**SUPPLIED RECORDS**
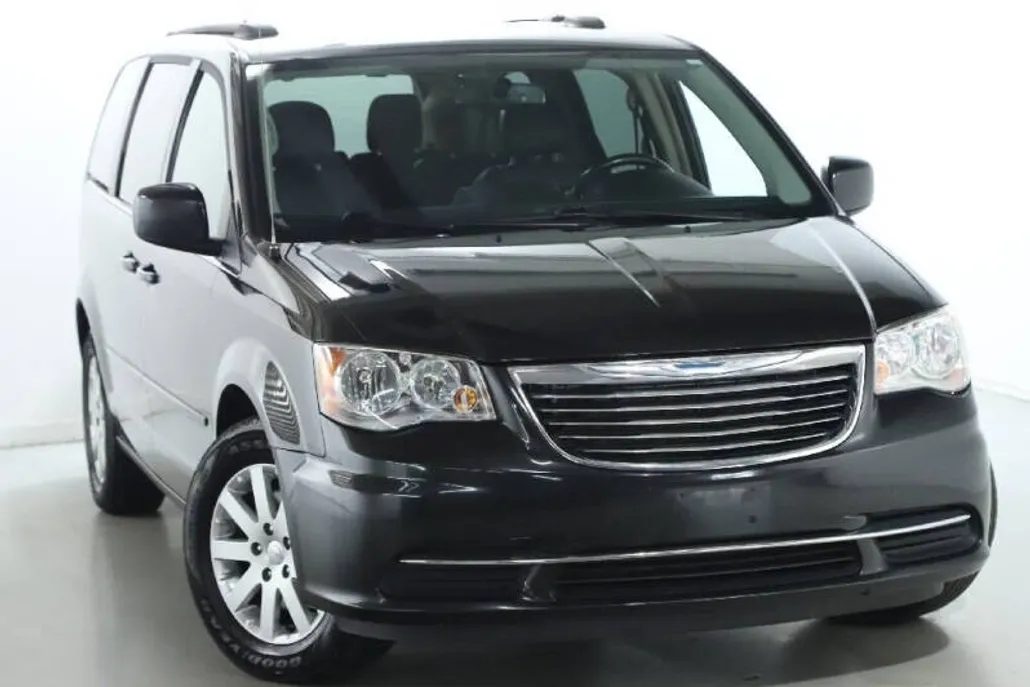 2016 Chrysler Town & Country LX photo 1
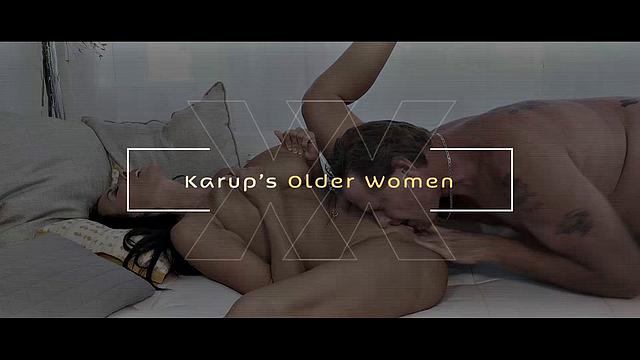 Bethie Love трахается на заднем сиденье - зрелая в джинсах и чулках кайфует по полной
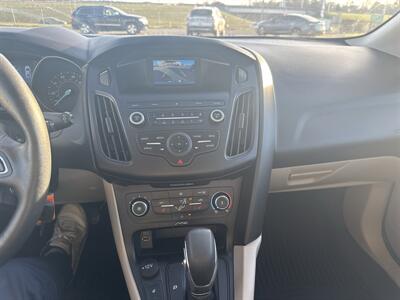2018 Ford Focus SE - Photo 10 - Madisonville, TN 37354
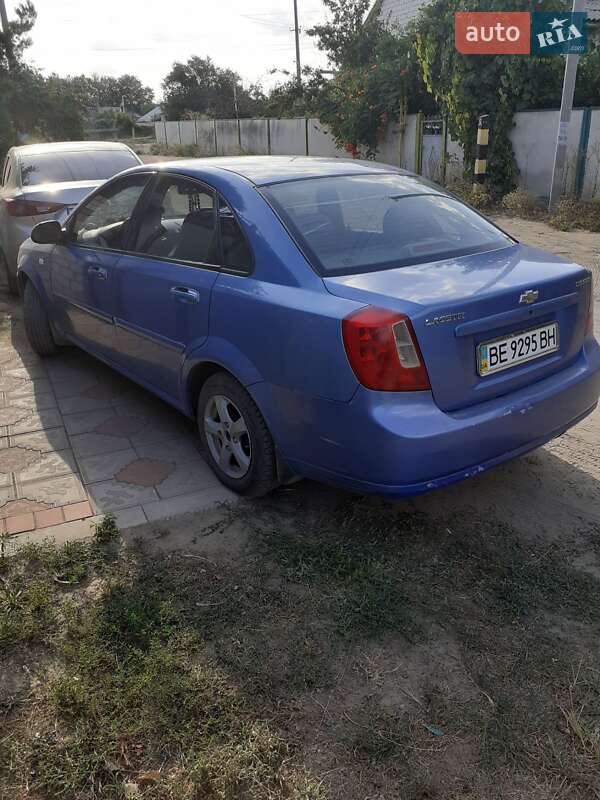 Chevrolet Lacetti (2005)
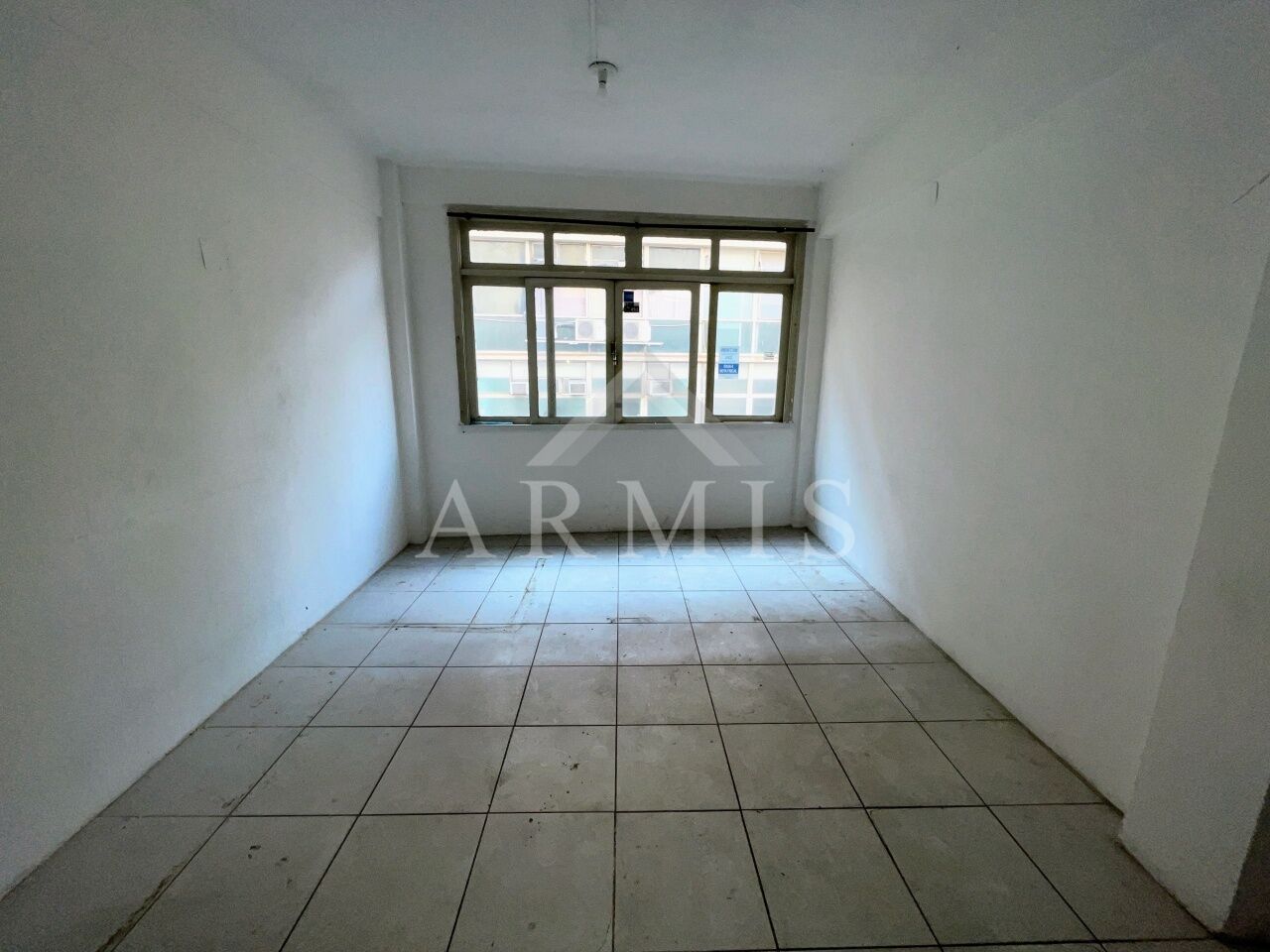 Sala de 21m² disponível para locação na Ladeira Porto Geral!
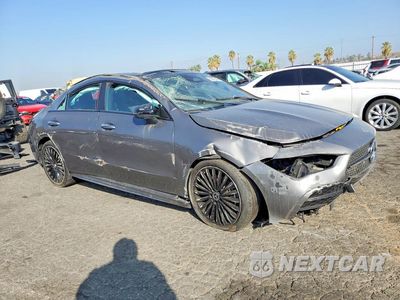 Czwarte zdjęcie samochodu z boku: 2025 MERCEDES-BENZ CLA 250 VIN:W1K5J4GB4SN482257 - miniatura
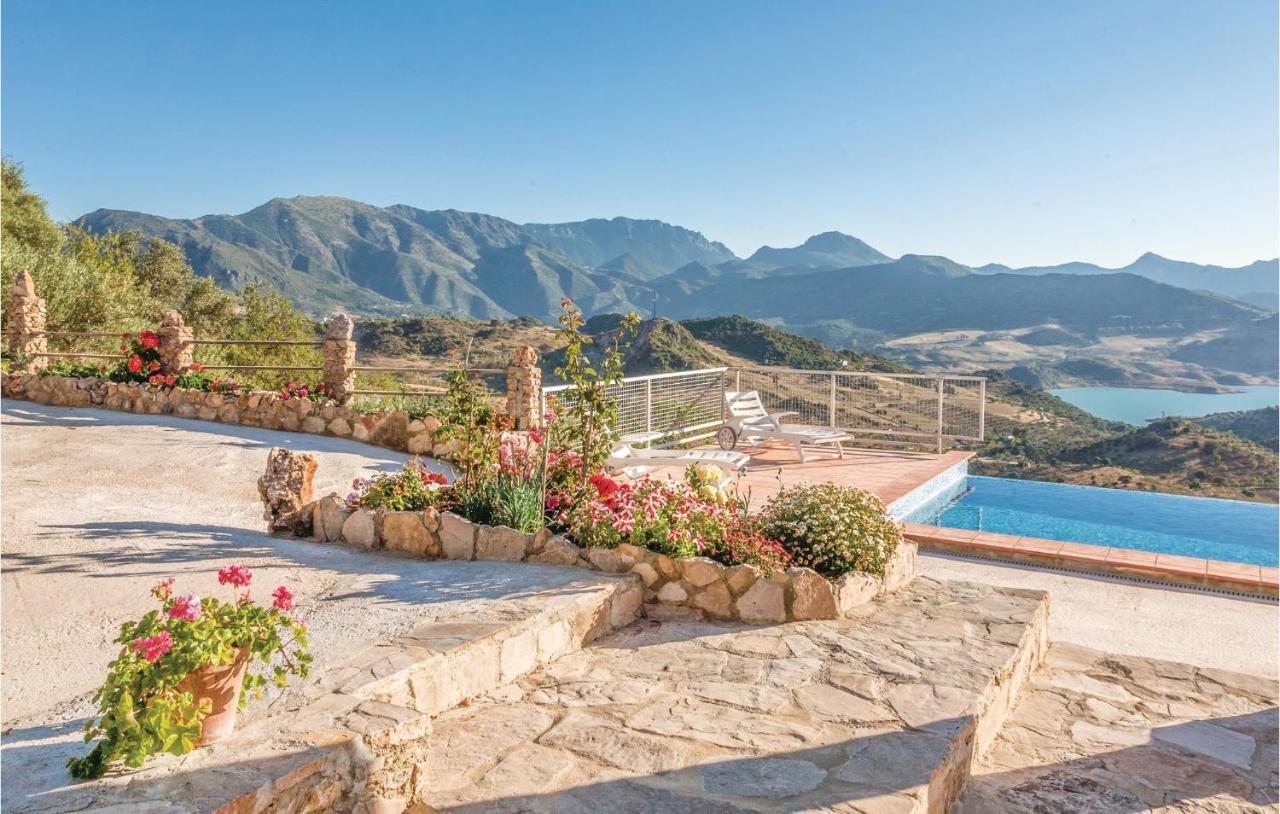 Awesome Home In Cadiz With Swimming Pool El Gastor Zewnętrze zdjęcie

**WHAT IS REQUIRED**
Please output the material as written, apart from the images.

**REPLY TO THE TASK**
 2016 Chrysler Town & Country LX photo 1
 Bethie Love трахается на заднем сиденье - зрелая в джинсах и чулках кайфует по полной
2018 Ford Focus SE - Photo 10 - Madisonville, TN 37354
 Chevrolet Lacetti (2005)
 Sala de 21m² disponível para locação na Ladeira Porto Geral!
 Czwarte zdjęcie samochodu z boku: 2025 MERCEDES-BENZ CLA 250 VIN:W1K5J4GB4SN482257 - miniatura
 Awesome Home In Cadiz With Swimming Pool El Gastor Zewnętrze zdjęcie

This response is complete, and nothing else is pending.